Immovable Monument of National Significance of Ukraine
- Official name: Комплекс фортеці і печерного міста “Мангуп-Кале” (Complex of the fortress and cave town of Mangup-Kale)
- Type: Architecture
- Reference no.: 010087

= Mangup =

Historic fortress in Crimea near Sevastopol

Mangup (Мангуп; Мангуп; Mangup) also known as Mangup Kale (kale means "fortress" in Turkish) is a historic fortress in Crimea, located on a plateau about 13 kilometres east of Sevastopol (ancient Chersonesus).

== Names ==
It was known as Dory (Δόρυ), later Doros (Δόρος), Doras (Δόρας) and finally Theodoro (Θεοδωρώ) by the Byzantines, before being given the Kipchak name Mangup. A 14th-century inscription found in the city called it the "God-guarded fortress of Theodoro" and its citizens Theodorites. Genoese documents referred to the city as Tedoro, Todoro, Theodori, Teodori, Thodori, Tedori, and Todori. These names are derived from the Greek names of the place.

The name Theodoro has survived up to the present day in the name of the village of Ai-Todor (Saint Theodore), which lies south of Mangup.

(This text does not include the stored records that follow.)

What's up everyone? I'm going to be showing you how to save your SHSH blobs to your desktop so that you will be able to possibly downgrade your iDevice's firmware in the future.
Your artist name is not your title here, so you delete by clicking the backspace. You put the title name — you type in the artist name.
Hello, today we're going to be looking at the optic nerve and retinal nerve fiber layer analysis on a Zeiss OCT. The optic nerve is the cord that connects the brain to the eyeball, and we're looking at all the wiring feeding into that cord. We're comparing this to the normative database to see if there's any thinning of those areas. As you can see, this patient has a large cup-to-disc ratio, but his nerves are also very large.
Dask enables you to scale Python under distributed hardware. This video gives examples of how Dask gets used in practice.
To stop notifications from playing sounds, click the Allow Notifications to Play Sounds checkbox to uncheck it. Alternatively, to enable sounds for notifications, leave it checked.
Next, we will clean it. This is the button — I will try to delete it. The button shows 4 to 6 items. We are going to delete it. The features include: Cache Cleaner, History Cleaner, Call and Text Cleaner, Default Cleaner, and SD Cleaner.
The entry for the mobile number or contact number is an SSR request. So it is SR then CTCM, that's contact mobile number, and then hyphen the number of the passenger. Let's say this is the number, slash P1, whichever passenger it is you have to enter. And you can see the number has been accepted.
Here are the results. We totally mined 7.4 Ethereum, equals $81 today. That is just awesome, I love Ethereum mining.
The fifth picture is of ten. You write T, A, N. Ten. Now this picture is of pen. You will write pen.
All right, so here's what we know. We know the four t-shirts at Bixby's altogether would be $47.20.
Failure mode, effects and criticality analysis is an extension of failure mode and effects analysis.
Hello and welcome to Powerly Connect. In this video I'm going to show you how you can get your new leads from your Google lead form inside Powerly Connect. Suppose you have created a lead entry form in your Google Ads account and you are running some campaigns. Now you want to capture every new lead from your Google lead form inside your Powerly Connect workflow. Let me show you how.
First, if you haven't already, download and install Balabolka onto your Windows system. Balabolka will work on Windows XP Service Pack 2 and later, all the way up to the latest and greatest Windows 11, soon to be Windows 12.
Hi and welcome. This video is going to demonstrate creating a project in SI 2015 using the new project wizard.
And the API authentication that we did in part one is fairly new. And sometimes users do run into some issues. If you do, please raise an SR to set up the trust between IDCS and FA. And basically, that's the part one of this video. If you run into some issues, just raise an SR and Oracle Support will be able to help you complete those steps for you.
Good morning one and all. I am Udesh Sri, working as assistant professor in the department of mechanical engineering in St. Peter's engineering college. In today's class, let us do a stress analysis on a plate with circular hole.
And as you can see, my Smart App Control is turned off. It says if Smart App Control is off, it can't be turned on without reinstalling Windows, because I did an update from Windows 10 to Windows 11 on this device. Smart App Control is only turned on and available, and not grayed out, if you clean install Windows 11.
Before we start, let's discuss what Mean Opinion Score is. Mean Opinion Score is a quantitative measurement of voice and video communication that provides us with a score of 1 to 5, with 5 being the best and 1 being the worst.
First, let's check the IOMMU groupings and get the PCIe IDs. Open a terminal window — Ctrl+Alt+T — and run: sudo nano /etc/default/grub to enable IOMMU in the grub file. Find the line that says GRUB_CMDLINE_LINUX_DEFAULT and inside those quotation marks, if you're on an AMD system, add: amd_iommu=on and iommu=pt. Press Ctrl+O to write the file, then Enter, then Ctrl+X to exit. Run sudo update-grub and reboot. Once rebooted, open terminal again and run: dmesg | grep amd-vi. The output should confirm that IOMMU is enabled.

Silvio Giuseppe Mercati believed that the plural form of the city's name (Theodori, Teodori, Thodori, Tedori, Todori) was because the city was dedicated to the two saints, Theodore Tiron and Theodore Stratelates. However, Alexander Vasiliev (historian) was doubtful about this theory since there was no proof that these two saints were considered protectors of the city.

== History ==

According to the 6th-century Byzantine historian Procopius of Caesarea, the region of Dory or Doros was settled by those Ostrogoths who refused to follow Theodoric the Great in his invasion of Italy in the 490s, marking the beginning of the Crimean Goths and their homeland, Gothia. Archaeological excavations have demonstrated the establishment of Christian basilicas, fortifications and cave settlements (alongside Mangup also at Eski Kermen etc.) during the 6th century. By the late 7th or early 8th century, a new bishopric, the Metropolitanate of Doros, was established in the region. Crimean Gothia was conquered by the Khazars in the early 8th century, and later in the 8th century was the center of an unsuccessful Gothic revolt against Khazaria led by Bishop John of Gothia.

As a result of the Khazar conquest, the name Dory/Doros disappeared after the 9th century and was replaced by Mangup, first attested ca. 960, although the early medieval name may have survived in a corrupted form in the name of the Principality of Theodoro, which existed in the area in the late Middle Ages. In the mid-10th century, the Crimean Goths were Khazar vassals, before falling under the influence of competing powers: the Kievan Rus and the Kipchak tribal confederacy. The town was severely damaged by an earthquake in the 11th century, yet managed to maintain autonomy during the Mongol conquest of Crimea but was compelled to pay tribute to the Great Khan.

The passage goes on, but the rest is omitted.